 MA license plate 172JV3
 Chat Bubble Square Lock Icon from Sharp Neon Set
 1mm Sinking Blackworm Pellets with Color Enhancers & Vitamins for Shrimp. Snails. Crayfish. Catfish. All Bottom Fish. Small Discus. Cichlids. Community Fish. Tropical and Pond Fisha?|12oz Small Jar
------------------------------------
* TASK DESCRIPTION: Return all of the data word for word.

* ANSWER SPACE:
 MA license plate 172JV3
 Chat Bubble Square Lock Icon from Sharp Neon Set
 1mm Sinking Blackworm Pellets with Color Enhancers & Vitamins for Shrimp. Snails. Crayfish. Catfish. All Bottom Fish. Small Discus. Cichlids. Community Fish. Tropical and Pond Fisha?|12oz Small Jar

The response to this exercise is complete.